## What you are asked to do:
Every entry below needs to be printed again exactly, with its pictures left out.

(Pictures with short captions)
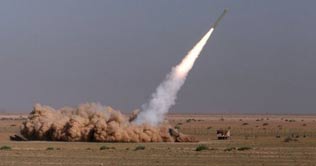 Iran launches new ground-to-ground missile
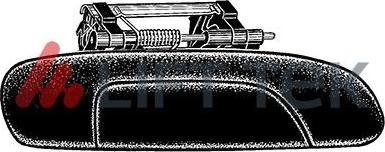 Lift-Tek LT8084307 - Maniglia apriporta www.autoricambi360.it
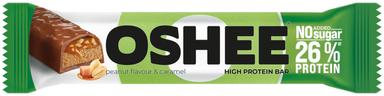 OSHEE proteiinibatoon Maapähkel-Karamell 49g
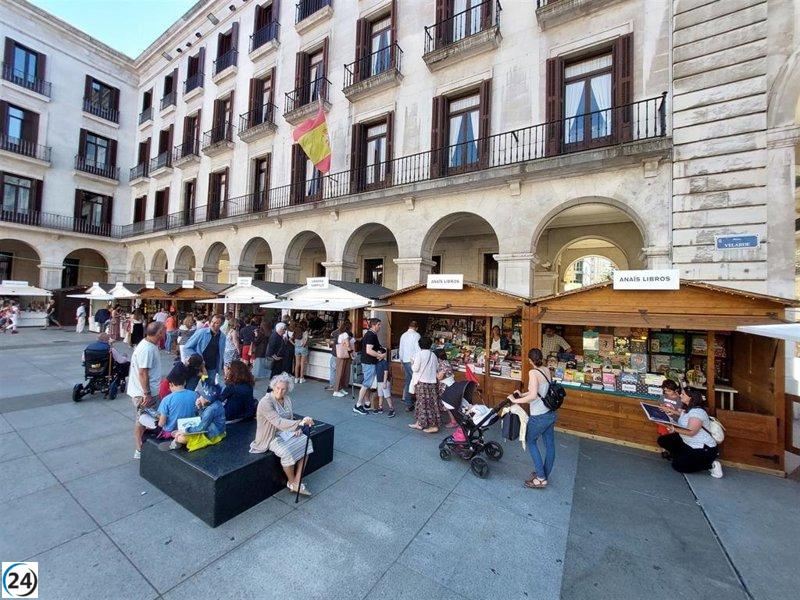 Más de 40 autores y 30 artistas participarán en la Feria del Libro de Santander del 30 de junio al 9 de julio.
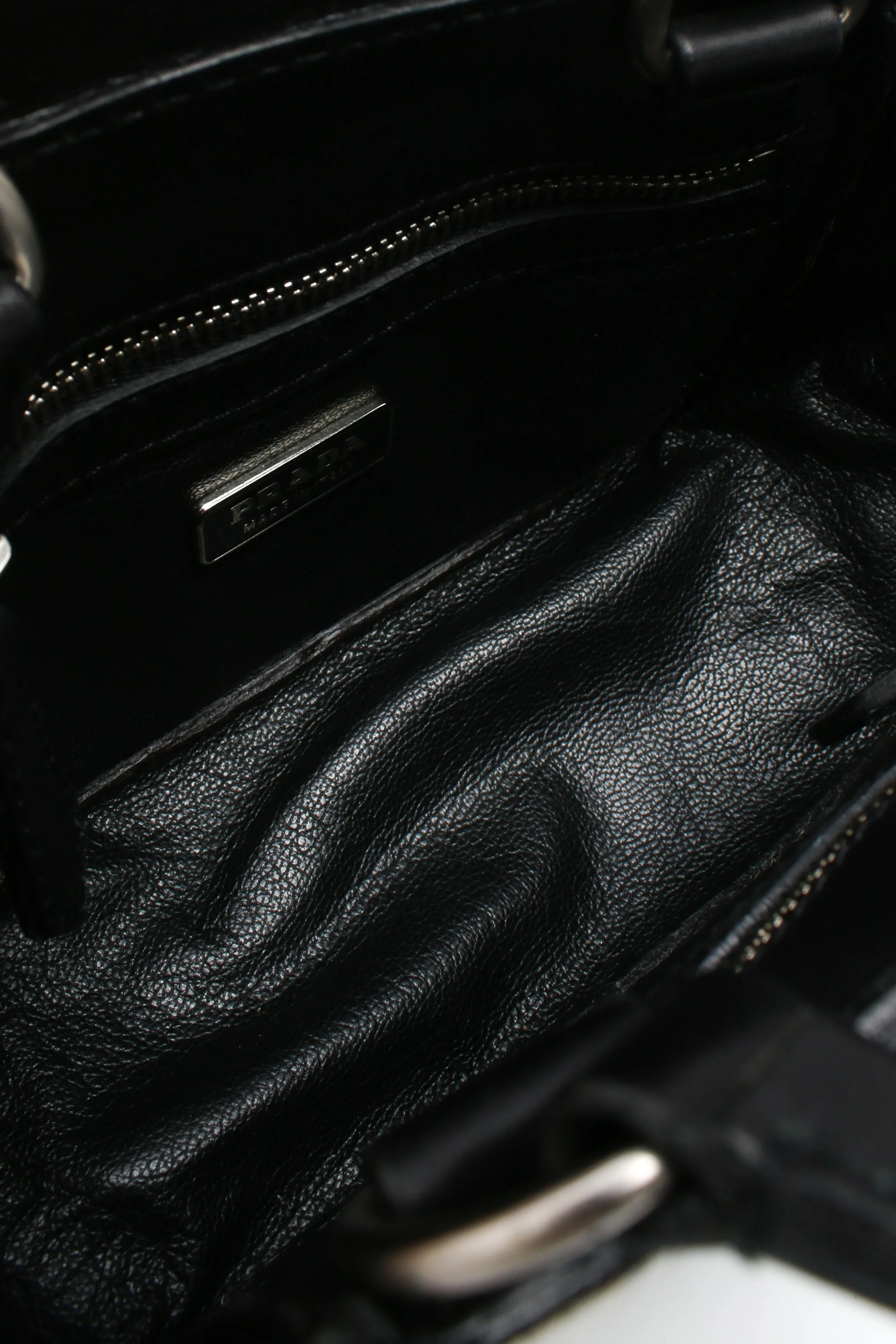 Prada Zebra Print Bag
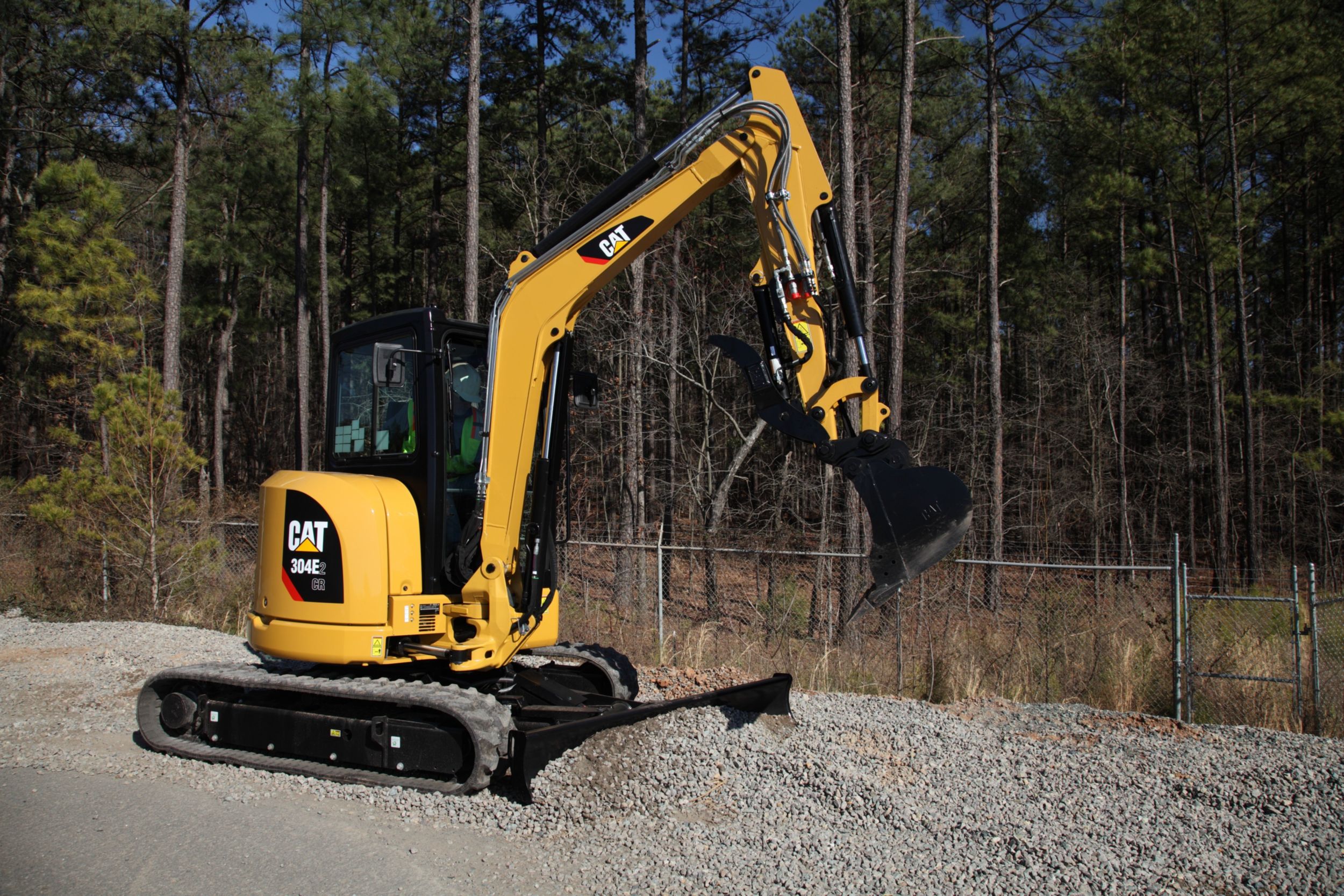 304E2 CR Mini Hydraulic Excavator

## Task solution:
 Iran launches new ground-to-ground missile
 Lift-Tek LT8084307 - Maniglia apriporta www.autoricambi360.it
 OSHEE proteiinibatoon Maapähkel-Karamell 49g
 Más de 40 autores y 30 artistas participarán en la Feria del Libro de Santander del 30 de junio al 9 de julio.
 Prada Zebra Print Bag
 304E2 CR Mini Hydraulic Excavator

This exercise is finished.